Naturally, renowned Ferdinand Piëch was quite frustrated by this sudden alteration in regulations. But, at 31 years young he wasn’t going to be a Head of Development without a prize-winning competitor for Porsche. Thus, he gave the signal to develop the 917, and to do it quick – at whatever cost. What Piëch realized correctly, as soon as the 917 would be a prize-winning racecar, its expensive development would be vindicated instantaneously.
From struggle to success
Still, there was too little time. Everything from prototyping to presenting the 917 at the 1969 Geneva Motor Show happened in only 9 months. So, while an air-cooled V12 powered the incredibly aerodynamic 917, its design lacked the appropriate amount of downforce to give the car driving stability. Consequently, all the initial pilots had a hard time getting the car under control.
With an extremely difficult handling car in their hands, none of the 917’s initial pilots managed to win a race. But, come August 10, 1968 the tide for Porsche started to turn: After 1000 kilometers of racing on the Österreichring, Kurt Ahrens and Jo Siffert came in first! Proof was now there – Piëch’s 917 had redeemed itself as a prizewinning racecar.
From 917 to Porsche 917 KH Coupé
Once the racing season was over, Porsche took the 917 back into the garage to rework the body. After a complete makeover, the only original parts remaining were the roof, windscreen, and doors. The result of redesigning the sills, nose, wings, and rear? The 917 KH Coupé, a racecar with vastly improved handling (much desired), especially at higher driving speeds!
With 620 horsepower under the hood, the 917 could now finally live up to its full potential. With The 917 having what it takes to be a winner, both he John Wyers Gulf team and the Porsche Salzburg team readied the 917 for the World Sportscar Championship. With 7/8 races of the season won, completely transforming the body proved to be a good decision.
Winning, winning, and more winning
Various versions of the 917 continued the winning streak.
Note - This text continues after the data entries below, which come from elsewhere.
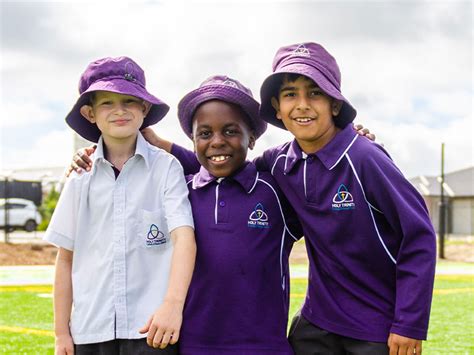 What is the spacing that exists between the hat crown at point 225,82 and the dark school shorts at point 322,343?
953 mm

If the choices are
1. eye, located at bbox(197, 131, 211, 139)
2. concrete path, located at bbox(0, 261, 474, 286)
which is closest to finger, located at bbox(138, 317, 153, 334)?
eye, located at bbox(197, 131, 211, 139)

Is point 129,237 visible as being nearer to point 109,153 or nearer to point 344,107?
point 109,153

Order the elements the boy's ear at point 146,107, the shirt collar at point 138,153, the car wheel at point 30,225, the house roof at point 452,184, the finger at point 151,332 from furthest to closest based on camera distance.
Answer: the house roof at point 452,184 < the car wheel at point 30,225 < the boy's ear at point 146,107 < the shirt collar at point 138,153 < the finger at point 151,332

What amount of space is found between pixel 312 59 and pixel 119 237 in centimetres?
101

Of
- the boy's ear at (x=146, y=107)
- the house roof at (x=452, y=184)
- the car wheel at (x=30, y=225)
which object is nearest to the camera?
the boy's ear at (x=146, y=107)

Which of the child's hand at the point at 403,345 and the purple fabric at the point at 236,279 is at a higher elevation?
the purple fabric at the point at 236,279

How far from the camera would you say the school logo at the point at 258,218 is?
2717 millimetres

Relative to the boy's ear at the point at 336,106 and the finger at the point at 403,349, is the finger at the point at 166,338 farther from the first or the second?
the boy's ear at the point at 336,106

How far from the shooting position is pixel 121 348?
2576 mm

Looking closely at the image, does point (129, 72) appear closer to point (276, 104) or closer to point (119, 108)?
point (119, 108)

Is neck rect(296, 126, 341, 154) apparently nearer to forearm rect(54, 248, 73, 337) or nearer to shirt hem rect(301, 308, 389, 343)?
shirt hem rect(301, 308, 389, 343)

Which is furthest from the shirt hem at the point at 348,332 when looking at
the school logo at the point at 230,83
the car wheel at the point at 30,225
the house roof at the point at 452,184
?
the house roof at the point at 452,184

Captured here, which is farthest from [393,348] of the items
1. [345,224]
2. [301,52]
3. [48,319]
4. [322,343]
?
[48,319]

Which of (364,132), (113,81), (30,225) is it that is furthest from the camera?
(30,225) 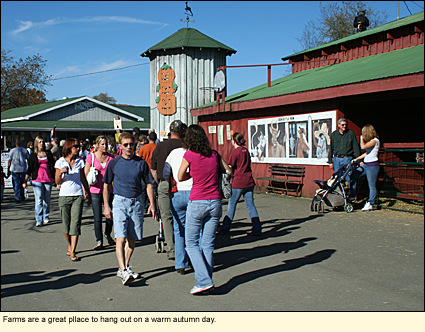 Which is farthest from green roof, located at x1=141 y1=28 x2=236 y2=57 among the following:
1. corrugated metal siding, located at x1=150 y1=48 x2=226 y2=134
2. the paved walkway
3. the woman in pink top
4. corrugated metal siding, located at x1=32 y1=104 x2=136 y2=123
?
corrugated metal siding, located at x1=32 y1=104 x2=136 y2=123

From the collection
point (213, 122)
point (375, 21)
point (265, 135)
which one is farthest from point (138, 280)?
point (375, 21)

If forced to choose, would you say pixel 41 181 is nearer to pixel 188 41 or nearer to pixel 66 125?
pixel 188 41

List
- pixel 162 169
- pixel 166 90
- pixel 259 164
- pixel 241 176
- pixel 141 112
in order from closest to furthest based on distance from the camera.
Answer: pixel 162 169
pixel 241 176
pixel 259 164
pixel 166 90
pixel 141 112

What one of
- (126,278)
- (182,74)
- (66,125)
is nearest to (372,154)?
(126,278)

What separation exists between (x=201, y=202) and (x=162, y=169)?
1.63 m

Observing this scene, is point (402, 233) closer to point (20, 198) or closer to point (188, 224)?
point (188, 224)

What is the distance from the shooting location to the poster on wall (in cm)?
1252

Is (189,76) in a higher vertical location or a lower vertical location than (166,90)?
higher

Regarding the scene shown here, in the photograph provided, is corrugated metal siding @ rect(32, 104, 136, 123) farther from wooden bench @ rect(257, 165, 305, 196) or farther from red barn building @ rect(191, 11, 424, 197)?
wooden bench @ rect(257, 165, 305, 196)

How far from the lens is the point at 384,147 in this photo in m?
10.9

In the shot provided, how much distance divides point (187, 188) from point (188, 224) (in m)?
0.58

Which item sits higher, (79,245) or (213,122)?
(213,122)

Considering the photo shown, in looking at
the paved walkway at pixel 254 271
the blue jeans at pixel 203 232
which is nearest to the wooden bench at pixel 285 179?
the paved walkway at pixel 254 271

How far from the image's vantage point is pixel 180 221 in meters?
5.83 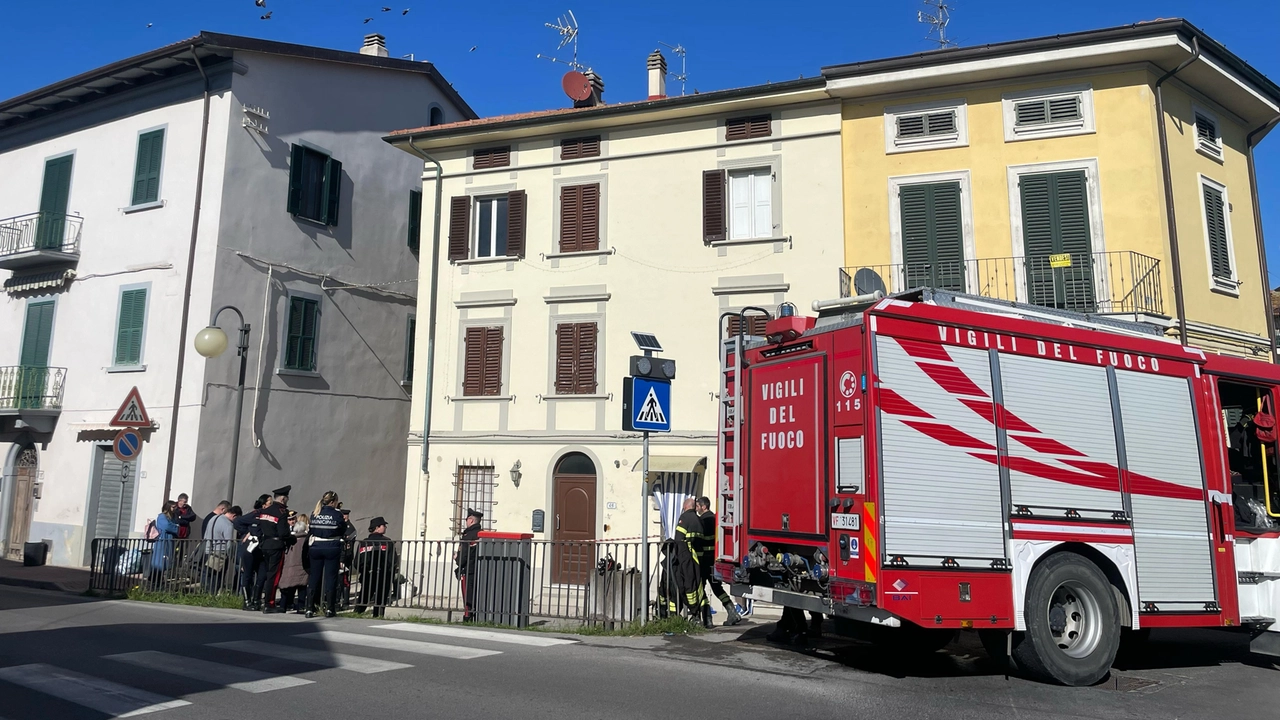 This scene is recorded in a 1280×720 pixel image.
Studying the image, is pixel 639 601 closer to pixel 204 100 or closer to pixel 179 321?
pixel 179 321

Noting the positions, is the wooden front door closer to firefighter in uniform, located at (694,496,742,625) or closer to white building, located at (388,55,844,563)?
white building, located at (388,55,844,563)

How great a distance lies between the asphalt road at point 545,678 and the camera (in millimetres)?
6477

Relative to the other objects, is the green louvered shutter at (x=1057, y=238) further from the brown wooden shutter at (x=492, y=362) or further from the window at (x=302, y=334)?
the window at (x=302, y=334)

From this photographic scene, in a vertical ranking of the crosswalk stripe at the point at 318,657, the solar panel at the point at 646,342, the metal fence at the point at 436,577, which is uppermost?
the solar panel at the point at 646,342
At 24 Hours of Le Mans, Richard Attwoord and Hans Herrmann came in first in their red-white Porsche Salzburg 917 short tail. And with Willi Kauhsen and Gerard Larousse taking 2nd place in their 917 long tail, Porsche scored the overall victory at this infamous endurance race.
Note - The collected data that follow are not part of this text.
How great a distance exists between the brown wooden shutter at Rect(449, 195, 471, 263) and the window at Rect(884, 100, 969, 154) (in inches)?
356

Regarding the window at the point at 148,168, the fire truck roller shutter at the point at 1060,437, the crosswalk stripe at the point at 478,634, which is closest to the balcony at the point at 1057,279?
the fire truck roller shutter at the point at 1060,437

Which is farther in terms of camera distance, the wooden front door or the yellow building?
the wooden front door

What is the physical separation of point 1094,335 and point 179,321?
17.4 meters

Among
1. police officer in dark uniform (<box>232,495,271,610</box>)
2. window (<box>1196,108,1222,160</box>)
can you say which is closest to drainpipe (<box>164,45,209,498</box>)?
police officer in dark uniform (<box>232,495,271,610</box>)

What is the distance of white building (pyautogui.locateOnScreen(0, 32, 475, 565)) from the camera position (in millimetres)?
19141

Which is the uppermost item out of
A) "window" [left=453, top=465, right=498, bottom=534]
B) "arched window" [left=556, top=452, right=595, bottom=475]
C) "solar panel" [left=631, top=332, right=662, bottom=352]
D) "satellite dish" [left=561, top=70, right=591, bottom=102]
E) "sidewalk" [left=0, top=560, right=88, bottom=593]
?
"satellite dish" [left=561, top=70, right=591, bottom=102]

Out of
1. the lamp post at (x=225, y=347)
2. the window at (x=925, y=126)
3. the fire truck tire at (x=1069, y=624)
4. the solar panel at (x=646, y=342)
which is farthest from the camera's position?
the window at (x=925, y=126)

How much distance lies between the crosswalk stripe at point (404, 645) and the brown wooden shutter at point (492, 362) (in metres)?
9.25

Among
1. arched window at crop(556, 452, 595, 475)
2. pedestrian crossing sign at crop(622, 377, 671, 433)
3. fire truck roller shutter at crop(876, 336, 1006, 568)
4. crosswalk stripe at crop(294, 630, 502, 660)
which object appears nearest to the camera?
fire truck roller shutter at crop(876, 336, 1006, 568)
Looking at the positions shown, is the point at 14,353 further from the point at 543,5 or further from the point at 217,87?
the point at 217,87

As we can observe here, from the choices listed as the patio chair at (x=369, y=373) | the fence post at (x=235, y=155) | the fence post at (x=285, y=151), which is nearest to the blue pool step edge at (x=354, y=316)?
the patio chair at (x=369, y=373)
But, there was more! The next season in 1971, Porsche’s 917 again won 7/8 races and was again victorious at the 24 Hours of Le Mans. Moreover, with 5.335,16 km driven in 24 hours Gijs van Lennep and Helmut Marko set a new Le Mans record that stood for nearly 4 decades!
While the Porsche 917 was not allowed to participate at the World Sportscar Championship of 1971 (because of another change of regulations), it still scored victories at Europe’s Interserie and North America’s Can-Am series. With a final score of 37 victories in 1975, the 917 was indeed Porsche’s most feared racing car to ever enter the track.